The company’s smart grid vision is summarised as an ‘end-to-end IP-based communication platform integrated with the power grid from generation to consumption’. (Of course not everyone agrees with the architecture).
The diagram below shows the various aspects of the vision. The columns on the right-hand side are the new areas and I reported on the company’s first purpose built products – grid router and switch - when they were announced last month.
The more recent announcements have been around home energy management solutions, for both home and business use. It includes a touch-screen display and energy management software for monitoring and controlling energy use. The device connects to smart meters and has Ethernet and wifi connectivity for connection to a home network as well as slots for new interfaces in the future.
The company is also offering hosted services to support the devices when deployed in homes. The services includes provisioning, customising the devices, firmware updates and integration with back-end applications. The display can handle demand response analytics, for instance, and can be configured to react to critical price signal.

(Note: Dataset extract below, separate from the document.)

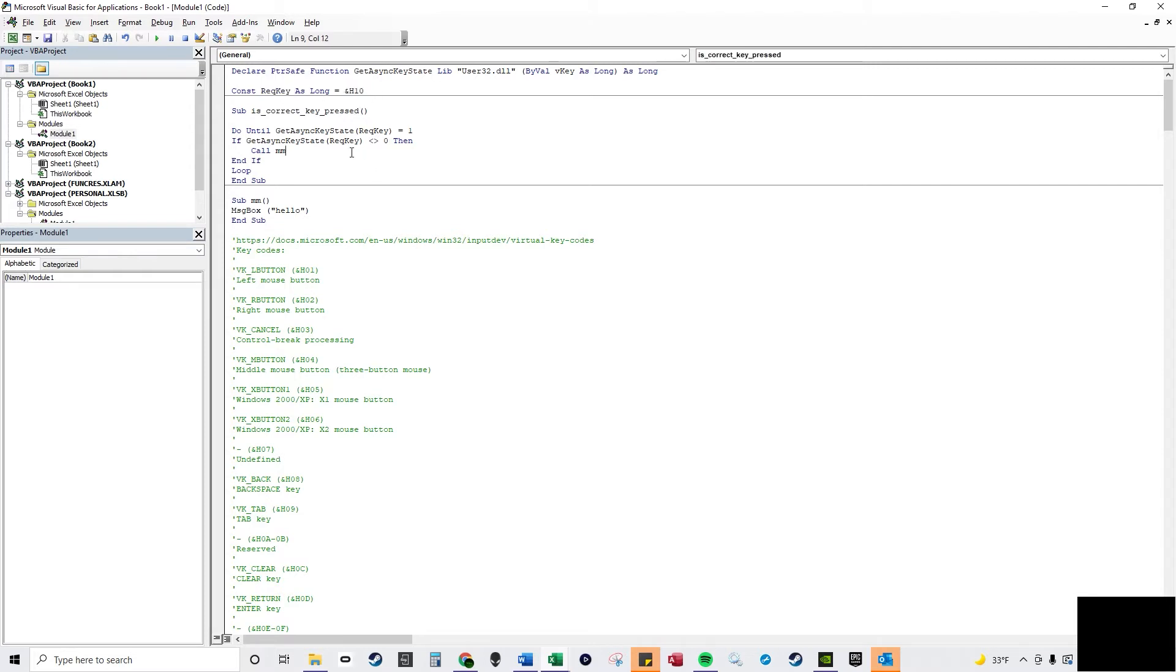So I'm going to press F8. I'm just going to keep pressing F8 and it'll only call this sub procedure over here if I'm holding down the shift key.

Users can monitor individual devices and there will be a cloud-based consumer portal where they can call up usage predictions, budget comparisons, comparisons with other similar users, energy savings tips, etc. Cisco is working with third parties on other peripherals that can be connected to the device and has an open API to allow the integration of other systems into the cloud.

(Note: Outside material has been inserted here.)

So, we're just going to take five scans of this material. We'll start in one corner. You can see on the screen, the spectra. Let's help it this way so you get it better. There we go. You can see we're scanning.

Cisco is certainly going for the smart grid market – investment must be significant – but there are still a lot of hurdles ahead before it can be assured of a slice of the market. While the Home Energy Controller is apparently designed as a global solution, it will first be available in the US this summer. The global market will be a difficult challenge, given the variety of solutions, technologies, utilities and governments that are likely to have some say in smart grids and smart meters.
But Cisco is certainly helping to push the market along and provides one clear vision of what a smart grid/smart meters will look like. The company’s success came from helping build the internet, so you can see the appeal of having a hand in building smart grids.